Awards Contender: The scary secrets behind Carnival Row, The Twilight Zone, and The Terror

By Jennifer Vineyard
Awards Contenders DP

Welcome to Awards Contenders. This month, SYFY WIRE is talking to the actors, directors, designers, and craftspeople whose work was featured in the best movies and TV offerings of 2019, and who are now the leading awards nominees. Today, we're speaking with the ASC-nominated cinematographers of The Twilight Zone, The Terror: Infamy, and Carnival Row.

Using only shadow and light, the director of photography creates atmosphere, suggests time, and makes a whole artificial world seem real. We talked to three master cinematographers about how they used composition, focus, framing, and lighting to enhance these television series:

THE TWILIGHT ZONE

At first, the Blurryman who appears in cinematographer Craig Wrobleski's nominated episode "Blurryman" was called the Shadowyman, and it wasn't immediately apparent that he would ultimately turn out to represent the late Twilight Zone creator Rod Serling.
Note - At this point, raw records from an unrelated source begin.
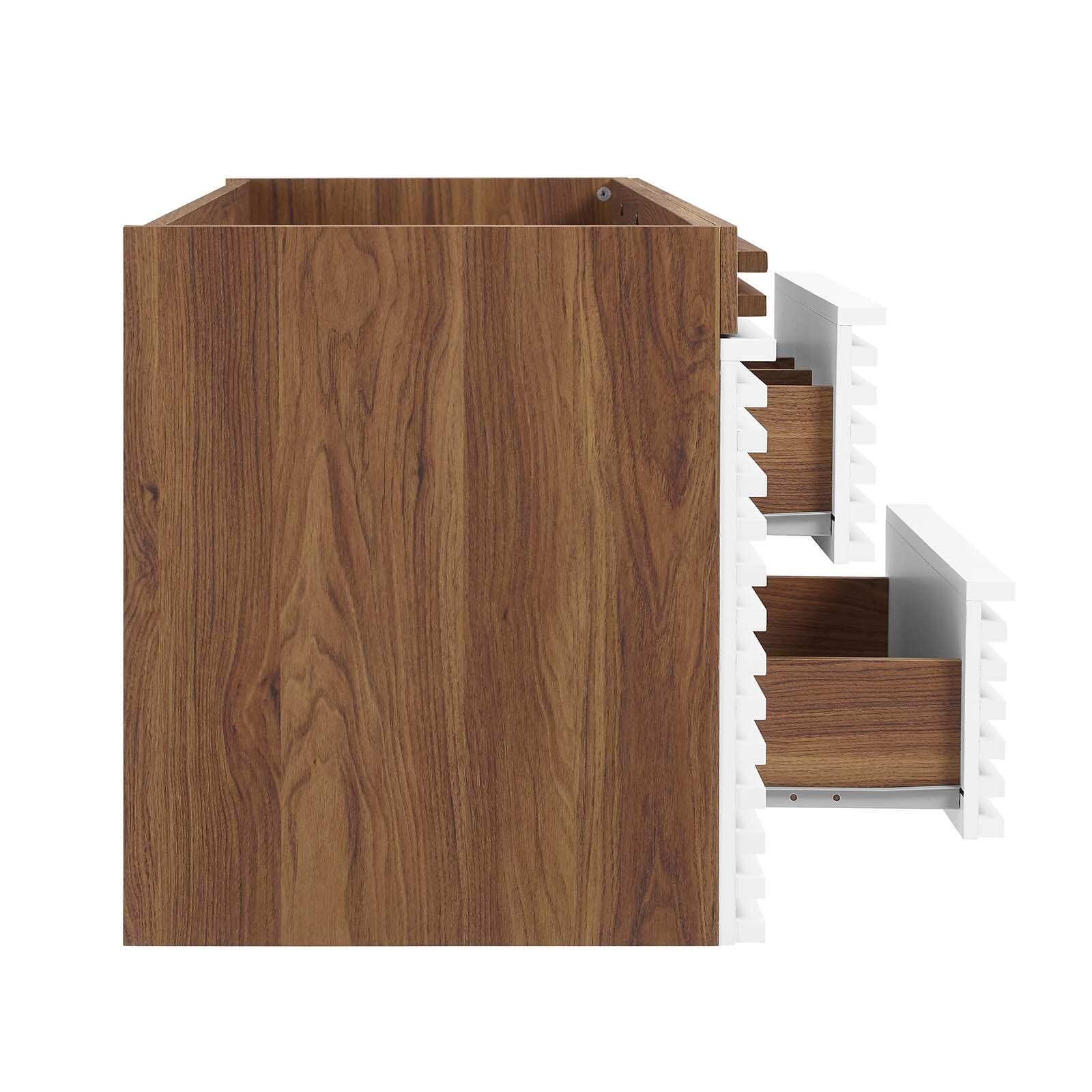Modway Render 48" Wall-Mount Bathroom Vanity Cabinet, White/Walnut, large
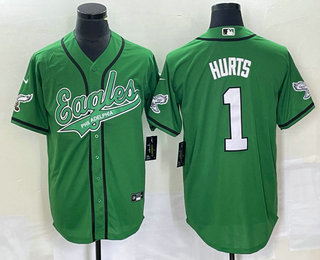 Men's Philadelphia Eagles #1 Jalen Hurts Green Cool Base Stitched Baseball Jersey 01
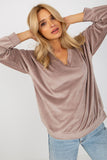 Women's Velour Long Sleeve Sweatshirt with Heart Neckline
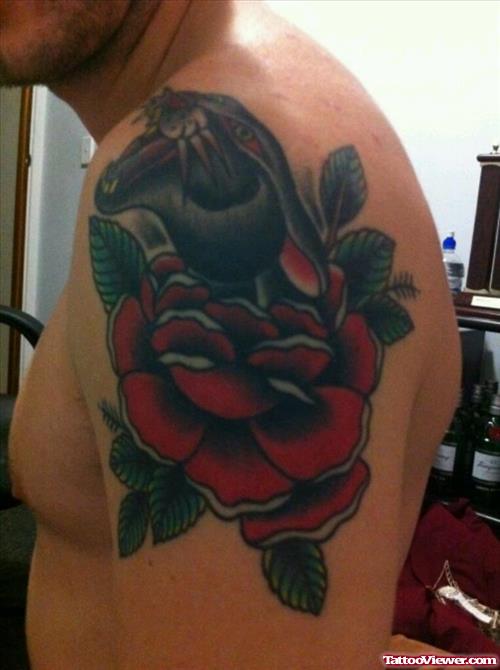 Red Rose Flower and Panther Tattoo On Left Shoulder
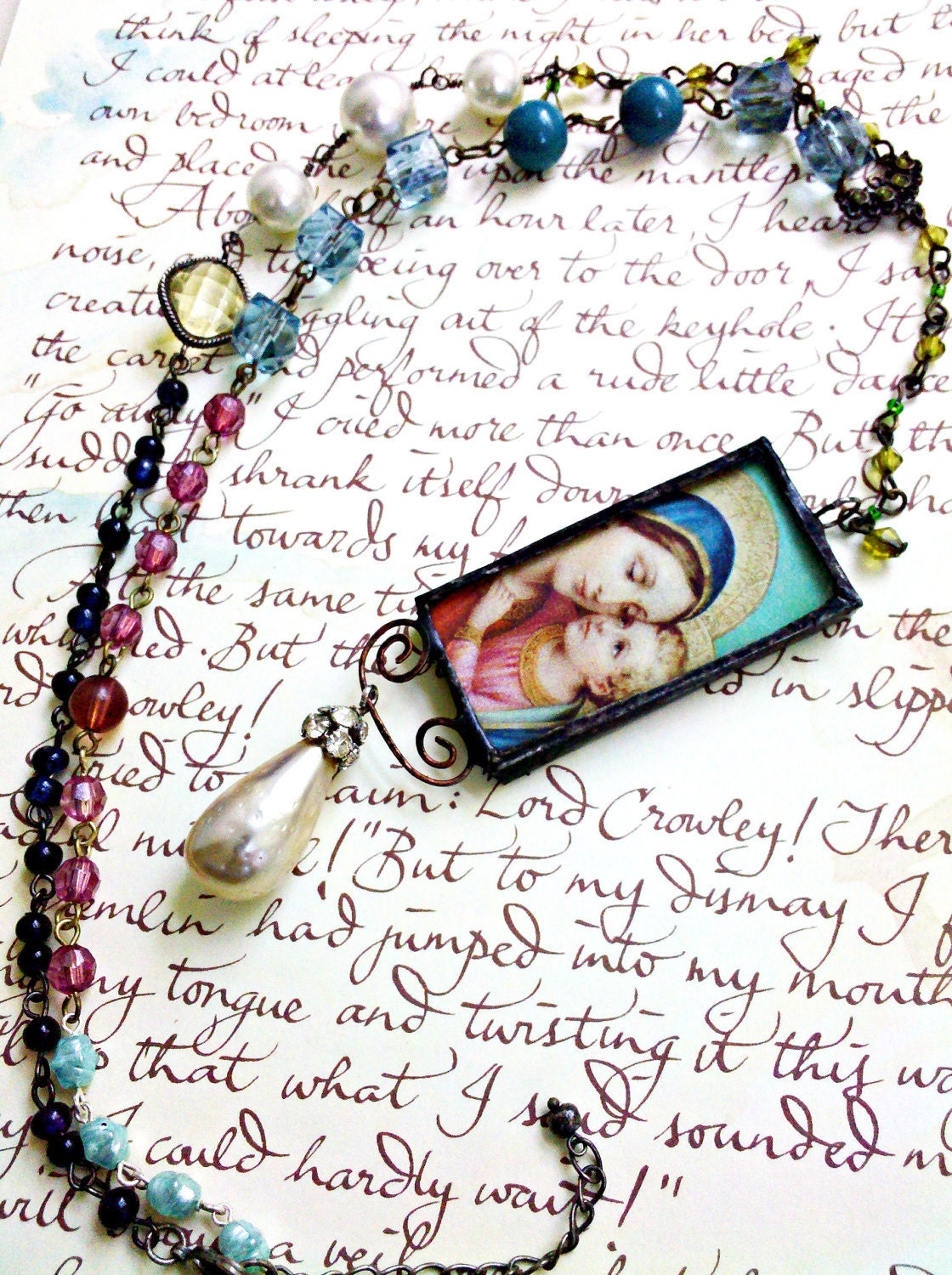 Rosary Style Religious Boho Vintage Bead Chain Soldered Madonna Virgin Mary Mother of God Stained Glass Pendant Necklace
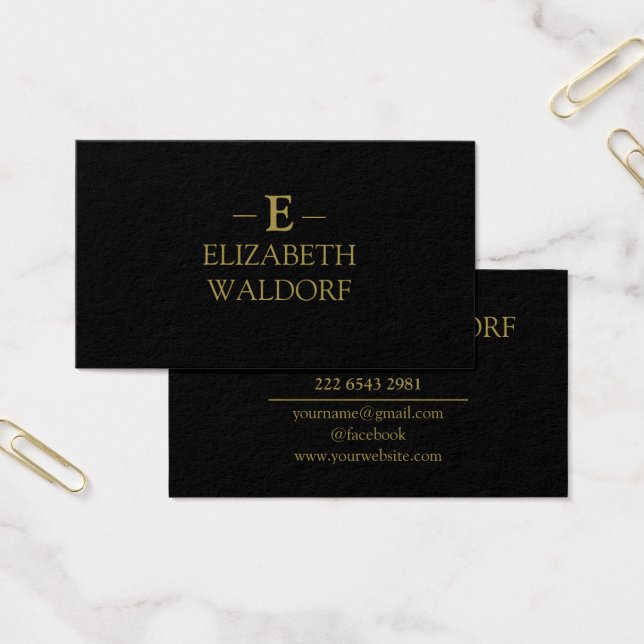 Elegant Black & Gold Personalised Profile Card (Office)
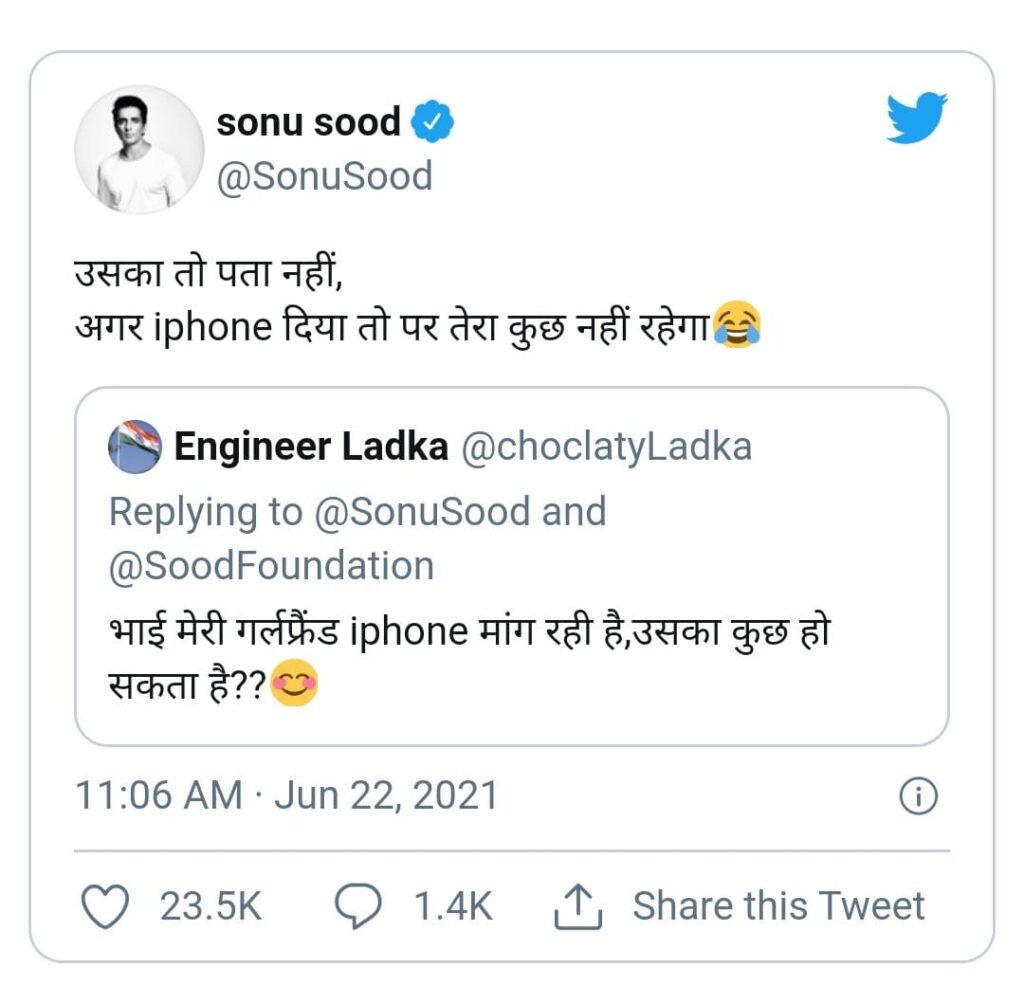 Sonu Sood replied on a person demanding iphone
Wrobleski only knew that he needed to create a space for this mysterious figure to appear once in every episode. "We were told, 'It's something coming later, a fun sort of running easter egg element in a series full of easter eggs,'" he says. Except this one was extra meta, and spoke to the nature of the show itself.

Blurryman needed to be visually out of focus until he revealed himself to a Twilight Zone writer. To help create this effect, Blurryman's costume was made of velvet, which absorbed light in a particular way. And when the story switched from color to black and white, Wrobleski used a progressive desaturation, so the colors would bleed out one at a time, until the last color visible was red. "When we dressed the set, we figured out the rotation direction of the camera, and we made sure that the paintings were oriented so that there was always a little splash of color that was disappearing," he explains.

Wroblesksi also used optical effects to play with the notion of how focus works in film. Even though Blurryman's surroundings are always sharp and clear, the character himself is always out of focus.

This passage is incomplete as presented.